About this exercise
Restate each line below word for word, skipping every picture.
=== Data excerpts ===
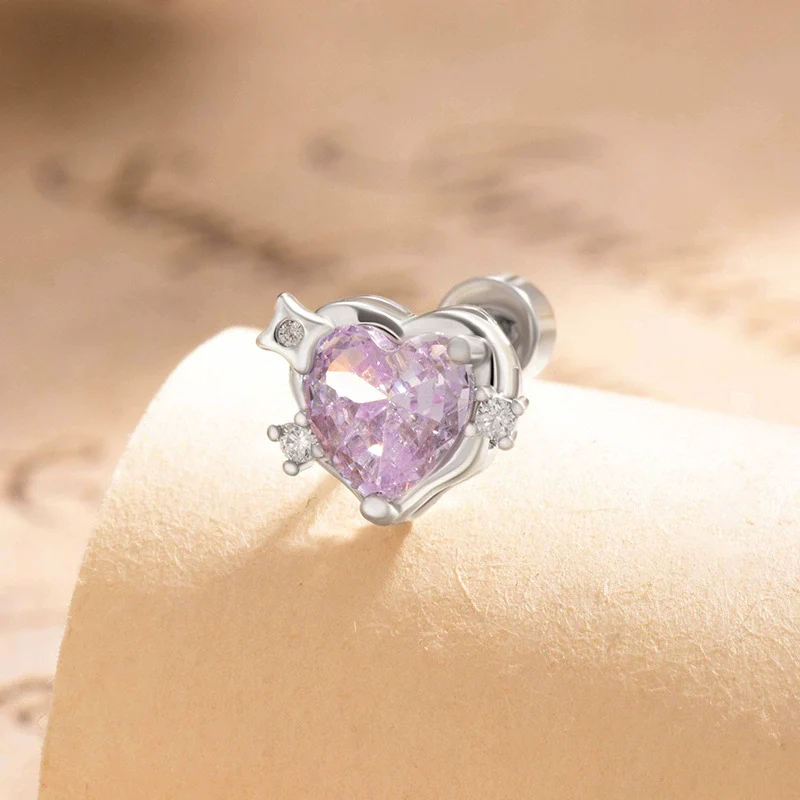 Women's Copper Zircon Heart Shape Earrings Set With Diamonds - Image 9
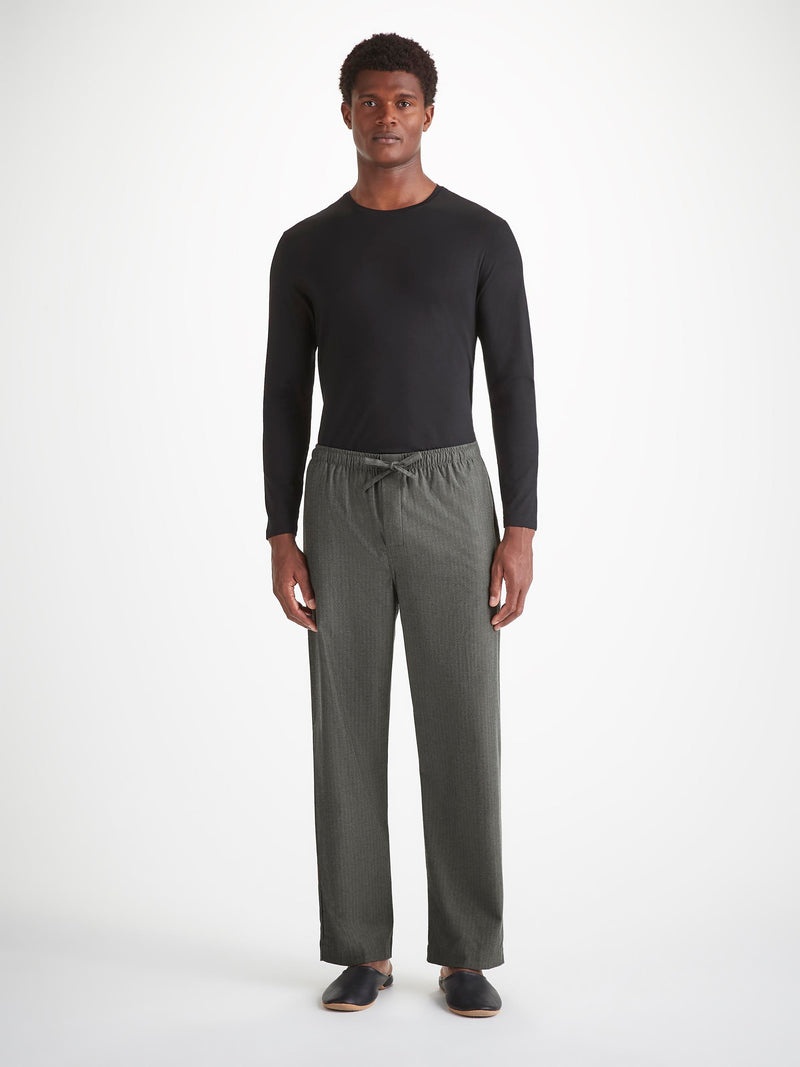 Men's Lounge Pants Balmoral Brushed Cotton Charcoal - 3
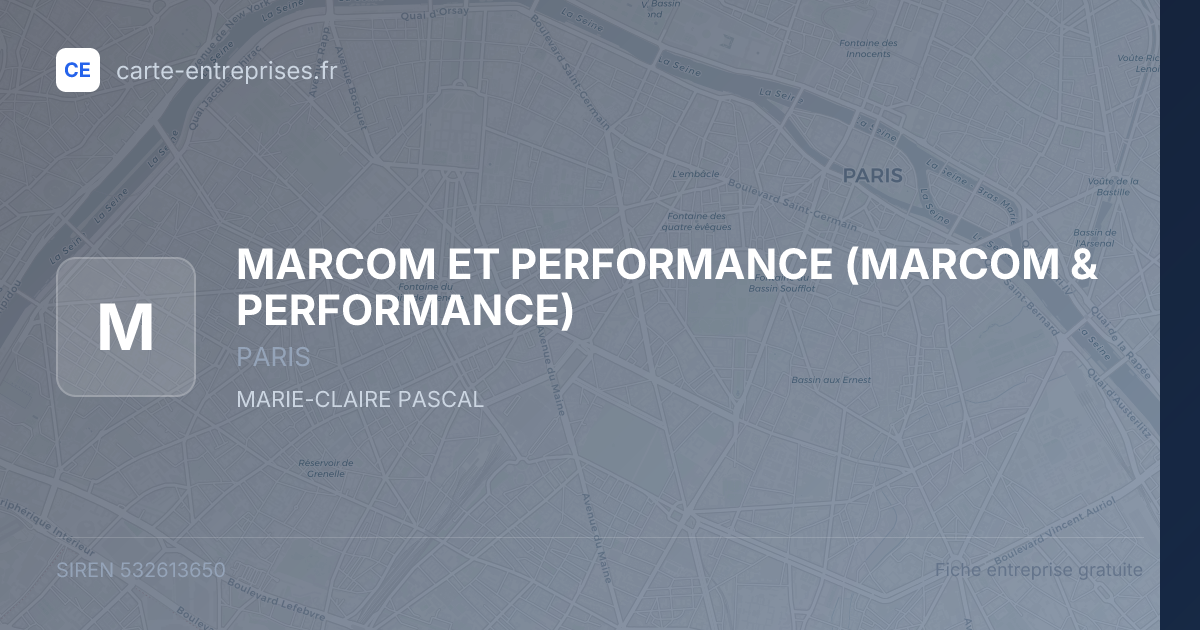 MARCOM ET PERFORMANCE (MARCOM & PERFORMANCE) — 532613650 — fiche entreprise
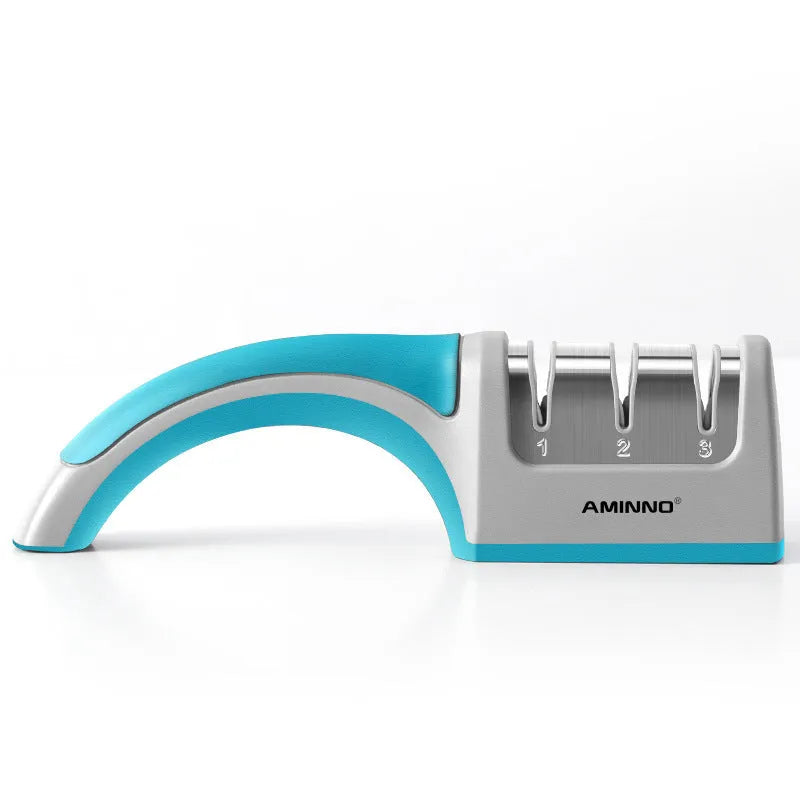 Four-in-one kitchen knife sharpener with 304 stainless steel body and ABS/TPR handle in black colour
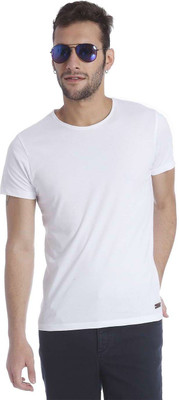 

Jack & Jones Solid Men' Round Neck White T-Shirt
===
Task answer
 Women's Copper Zircon Heart Shape Earrings Set With Diamonds - Image 9
 Men's Lounge Pants Balmoral Brushed Cotton Charcoal - 3
 MARCOM ET PERFORMANCE (MARCOM & PERFORMANCE) — 532613650 — fiche entreprise
 Four-in-one kitchen knife sharpener with 304 stainless steel body and ABS/TPR handle in black colour

Jack & Jones Solid Men' Round Neck White T-Shirt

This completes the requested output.